Em sexto lugar, o tamanho da pena de prisão é flagrantemente desproporcional diante dos outros casos julgados pelo próprio tribunal. O STF condenou políticos que foram responsáveis pelo Mensalão, que desviou pelo menos cem milhões de reais, a penas muito menores. José Dirceu e Delúbio Soares foram condenados a aproximadamente 7 anos de prisão, enquanto a pena de José Genoíno não chegou a 5 anos.
É notável ainda que a condenação dessas pessoas, em relação às quais não se tem prova nem de que tenham danificado o patrimônio público, represente dois terços ou mais da pena a que foram condenados os responsáveis pelo assassinato da filha de Gloria Perez (penas em torno de 19 anos), o goleiro Bruno por matar Eliza Samudio cruelmente (22 anos), Elize Matsunaga por ter assassinado seu marido (16 anos) e o líder do PCC André do Rap (condenado por tráfico em dois processos a penas que somam 25 anos).
José Dirceu e Delúbio Soares foram condenados a aproximadamente 7 anos de prisão, enquanto a pena de José Genoíno não chegou a 5 anos
Além disso, a Justiça norte-americana costuma ser muito mais severa do que a brasileira. No episódio da invasão do Capitólio por apoiadores de Trump, porém, as penas foram mais leves embora as consequências tenham sido mais severas: quatro pessoas morreram no ato, um policial no dia seguinte e 140 agentes de segurança ficaram feridos. Apesar disso, como disse, as penas foram muito inferiores às brasileiras. Paul Hodgkins, por exemplo, fez acordo e pegou 8 meses. Guy Reffitt, que transportou armas para o Capitólio e ele mesmo ameaçou com uma arma o então presidente da Câmara, foi condenado a 7 anos e 3 meses de prisão. Jacob Chansley, o famoso homem de peito descoberto com o chapéu de pele com chifres, foi condenado a 3 anos e 5 meses de prisão.

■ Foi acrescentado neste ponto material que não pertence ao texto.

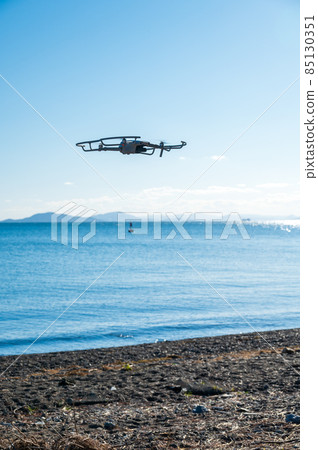Image of drone (taken at Lake Biwa Lake Biwa Ryokuchi, Nagahama City, Shiga Prefecture) Image of drone (taken at Lake Biwa Lake Biwa Ryokuchi, Nagahama City, Shiga Prefecture) 85130351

Em sétimo lugar, o STF condenou os manifestantes à insolvência civil, algo extremamente severo. Além da multa, terão que pagar 30 milhões de reais a título de dano moral coletivo. Trata-se de um valor que pesará nas costas de pessoas simples por toda sua vida, impedindo-as de ter carros, casas ou contas bancárias em seus nomes.
Vamos agora às questões formais, começando pelo oitavo ponto: a Constituição não dá ao tribunal competência para julgar esses casos do 8 de janeiro. Conforme a jurisprudência do próprio tribunal, a Constituição atribui e ao mesmo tempo limita as funções da Suprema Corte. Nem mesmo lei (ou regimento interno) pode ampliá-las, segundo entendimento do tribunal.

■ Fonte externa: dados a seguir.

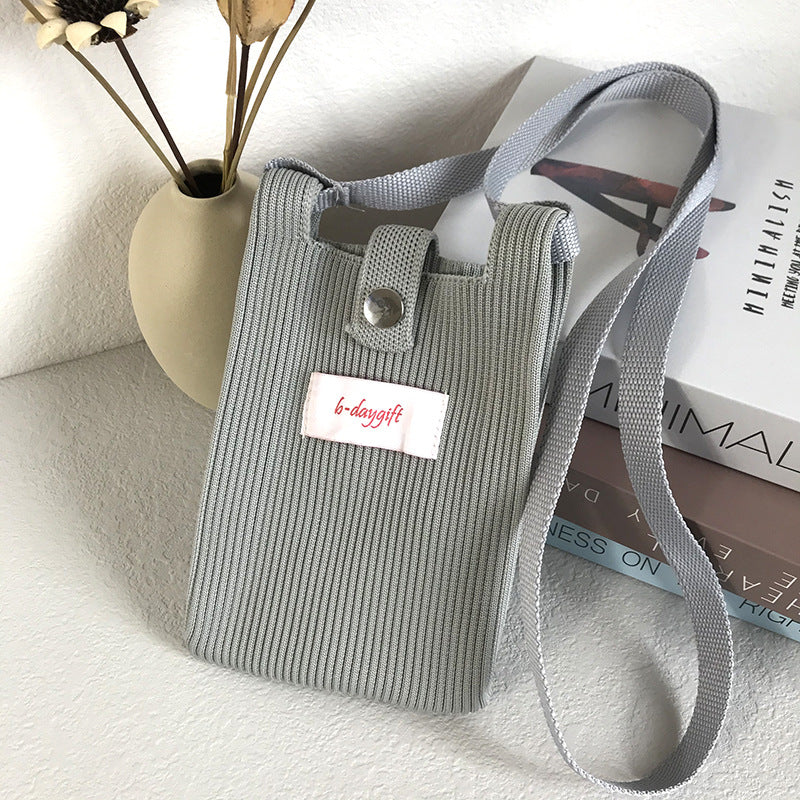 A fashionable single-shoulder bag made of wool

Nenhum réu julgado ontem tem foro privilegiado perante o Supremo. Além disso, a tradição do tribunal sempre foi a de encaminhar os casos sem foro privilegiado para julgamento em primeira instância, ainda que pudesse ter alguma relação com outros eventuais casos em que é investigada ou acusada pessoa com foro privilegiado. Assim, não se justifica o julgamento desses réus perante a Suprema Corte, o que tem profundos impactos porque lhes tolhe o direito a ter revisto seus casos perante outros tribunais.
Em nono lugar, o ministro relator, Alexandre de Moraes, não poderia jamais relatar e votar esse caso. Isso porque a investigação lhe foi atribuída sem livre distribuição, o que viola o princípio constitucional do juiz natural. Trata-se evidentemente de um tribunal ou juízo de exceção, escolhido a dedo para conduzir investigações e condenações a ferro e fogo.

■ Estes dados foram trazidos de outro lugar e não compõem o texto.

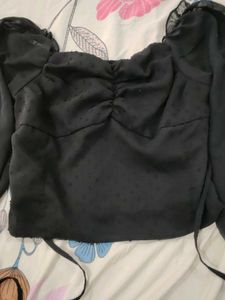 Chic Black Puff Sleeve Top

Por fim, o ministro Alexandre de Moraes conduziu diretamente a investigação. Foi aplicada ao caso regra do regimento interno que dá ao ministro a função de protagonista, diferente dos casos em que a Polícia ou o Ministério Público conduzem a apuração e o juiz apenas se restringe a emitir decisões quando está em questão a intrusão em direitos fundamentais, como quebras de sigilos e buscas e apreensões. É difícil compreender que o ministro não esteja suspeito para atuar nesse caso, ainda mais à luz do entendimento do próprio tribunal que recentemente defendeu a figura do juiz de garantias.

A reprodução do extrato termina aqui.